A parte analítica consiste na transformação de uma série climatológica de dados de vento, como velocidade e direção, em um mapeamento eólico, ou seja, em um mapa que traduz o comportamento médio do vento na região de estudo. O mapa elaborado pode ser subsequentemente aplicado na estimativa da climatologia do vento e do potencial de produção de energia eólica de uma área", explica Ruany.

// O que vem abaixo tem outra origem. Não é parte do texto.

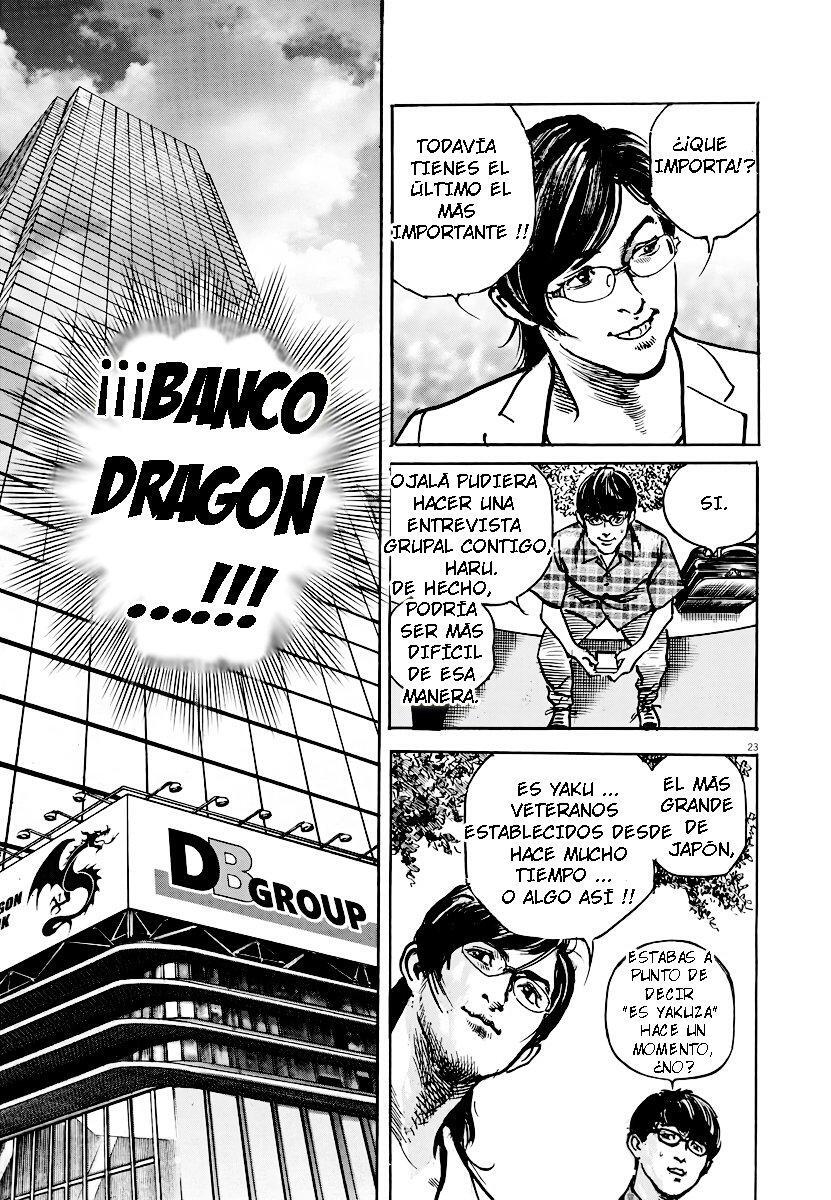 Capitulo 0.50 page 21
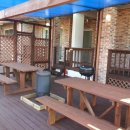 하루더펜션민박 이미지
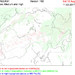 003_shv_c1_shv_CLC_24.jpg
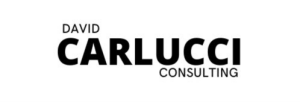 Sponsor Logo for David Carlucci Consulting
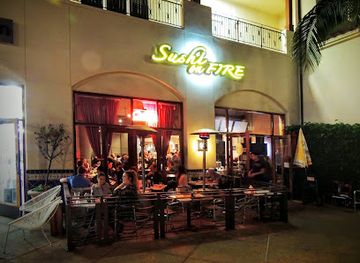 california/huntington-beach/restaurant/sushi-on-fire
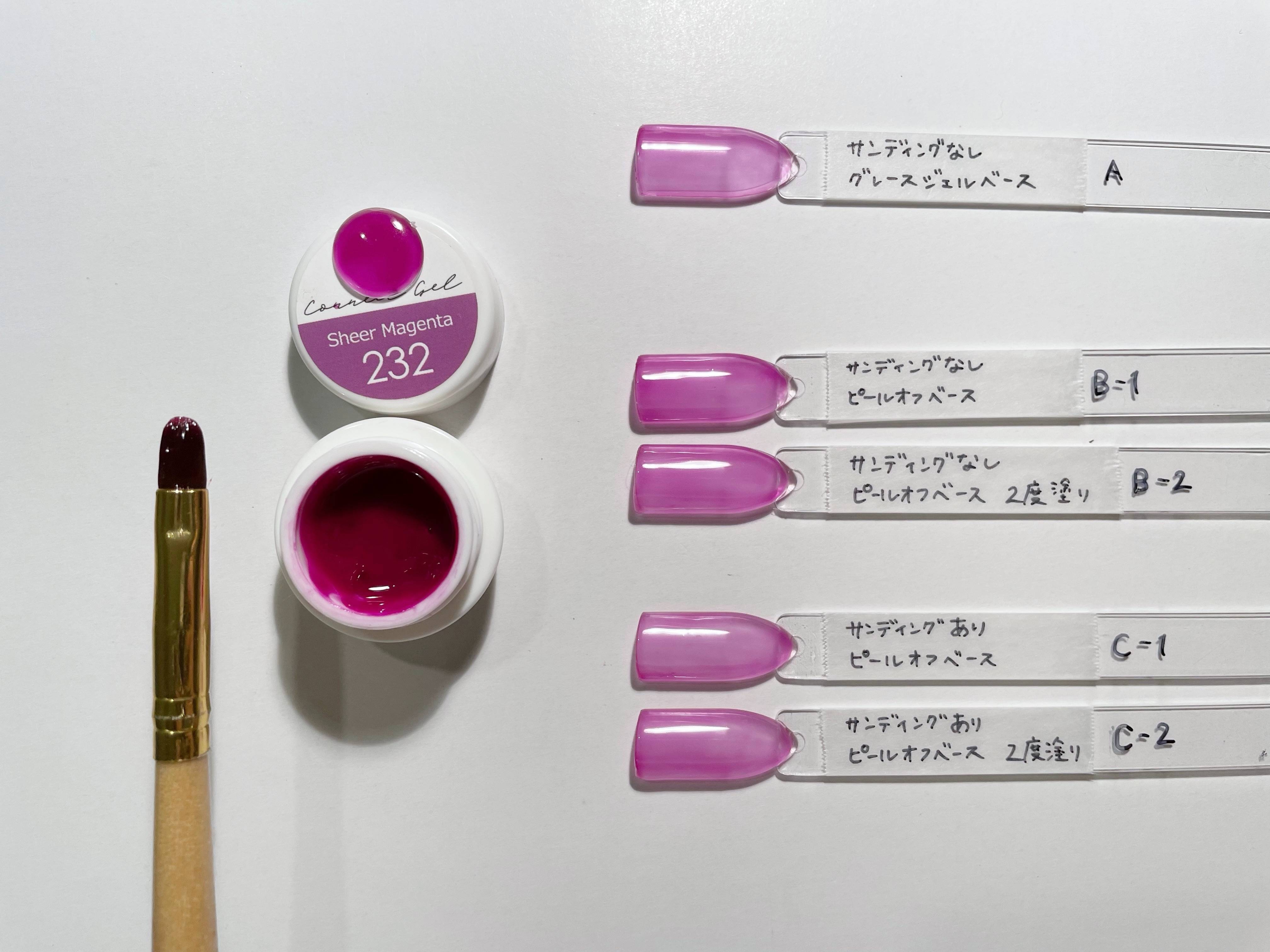 f:id:saki0118:20210610221419j:plain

De acordo com a pesquisadora, a partir desse modelo foram elaborados mapas dos ventos médios mensais com área de 20x20 quilômetros que abrangem toda a área urbana e partes da área rural de Maceió. Além de dados de vento, foram adicionadas informações referentes ao relevo e rugosidade da capital, de modo que foi possível observar a interação do vento com esses fatores. "Foi visto que esse vento vindo do Oceano, ao cruzar a linha da costa e entrar na área urbana, perde velocidade por atrito, uma vez que a cidade possui características de superfície totalmente diferentes das encontradas sobre as águas do Atlântico com uma rugosidade muito superior. Por isso, o vento sobre o oceano atinge, em média, de 5 a 6 m.s-1, enquanto que sobre a cidade a velocidade fica em torno de 2 a 3 m.s-1. Ou seja, a velocidade do vento é reduzida por volta de 40 a 70% ao chegar à costa", complementou.

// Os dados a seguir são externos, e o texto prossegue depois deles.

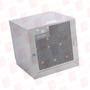 ALLEN BRADLEY 1321-3RA45-A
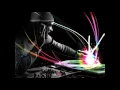 Download Lagu Bang Bang DAvid Guetta Remix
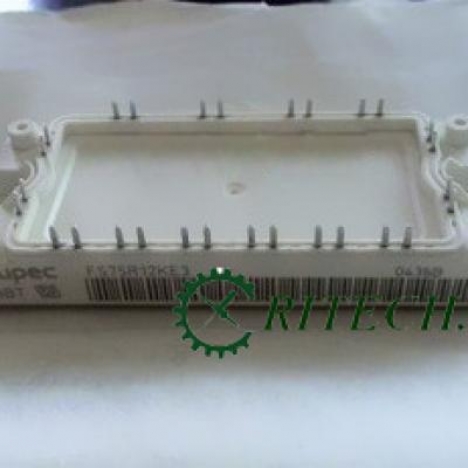 FS150R12KE3 IGBT INFINEON 150A 1200V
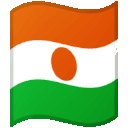 Niger icon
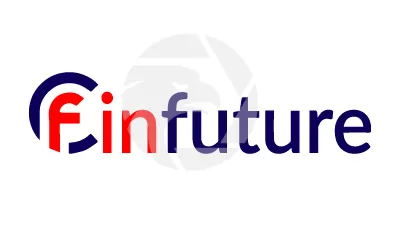 FinFuture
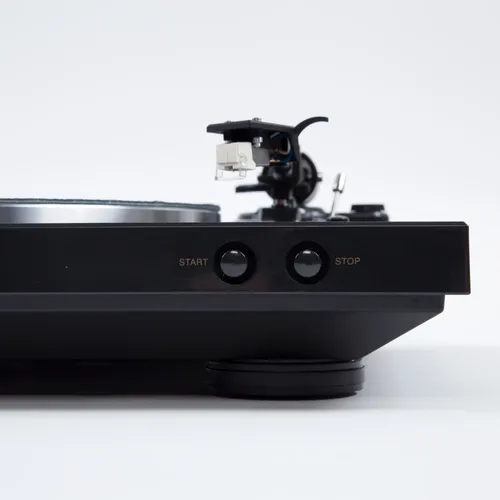 ‏פטיפון Denon DP300F דנון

Observou-se a influência da topografia e rugosidade da cidade no seu escoamento médio. Além da constatação que a maior rugosidade da cidade exerce um efeito de frenagem no vento que chega pela costa, também foram observadas áreas de estagnação, ou seja, locais onde a ventilação ocorre de maneira deficiente, nas regiões de grota e na divisa entre as partes baixa e alta da cidade. Há também casos de canalização e intensificação do vento em áreas mais elevadas, como em alguns locais dos bairros de Fernão Velho, Santa Amélia e Bebedouro.

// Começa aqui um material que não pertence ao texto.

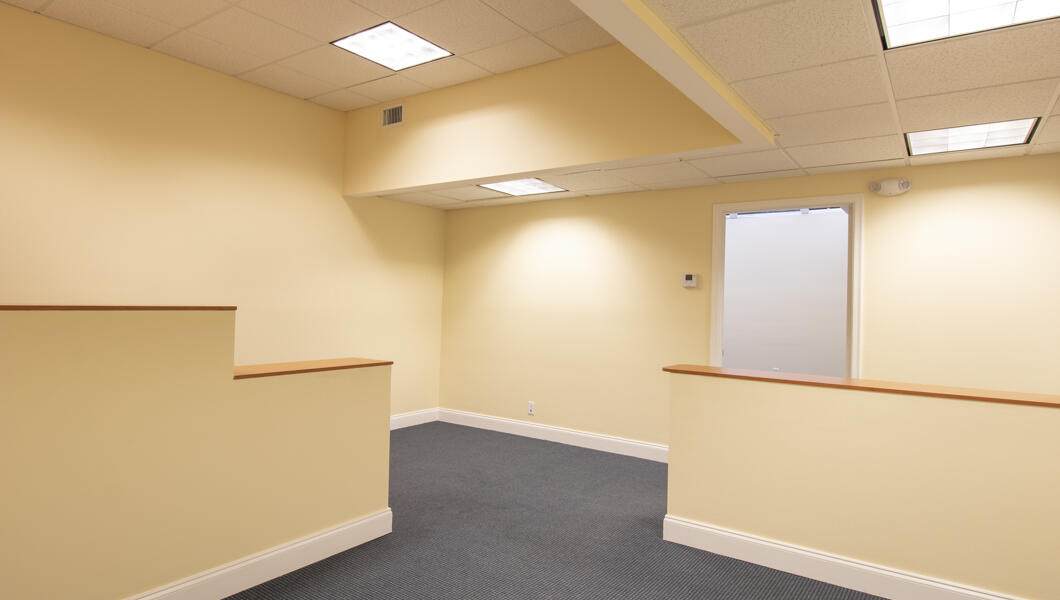 350 Camino Gardens Boulevard - Photo 1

Contribuição para a sociedade
Maceió encontra-se em um acelerado processo de expansão demográfica e urbana. Dessa forma, o conhecimento da interação do vento com a cidade é de ampla importância no planejamento urbano. "A previsão do escoamento dos fluxos de ar pode evitar os efeitos negativos de uma ocupação urbana inadequada. Esse tipo de estudo serve como guia para tomada de decisões dentro de sua área de domínio, visto que o vento desempenha papel importante na qualidade do ar e conforto ambiental das cidades, servindo como eficiente estratégia bioclimática para o controle térmico e conforto humano, além de ser um fator determinante na dispersão de poluentes", destacou. Um projeto que para ser cumprido com eficácia, precisa da cooperação de todos os que estão envolvidos diretamente. "Acredito que seja fundamental que o processo de expansão demográfica e urbana seja acompanhado com um olhar interdisciplinar que possa gerar medidas preventivas e que suavizem essas problemáticas urbanas. A criação de políticas públicas urbanas deve ser feita levando em consideração a maior quantidade possível de fatores relativos à uma região e sua população. Para isso os estudos em áreas como Meteorologia, Arquitetura e Urbanismo, Geografia, dentre outras, devem andar de mãos dadas em busca das melhores decisões", finalizou a pesquisadora.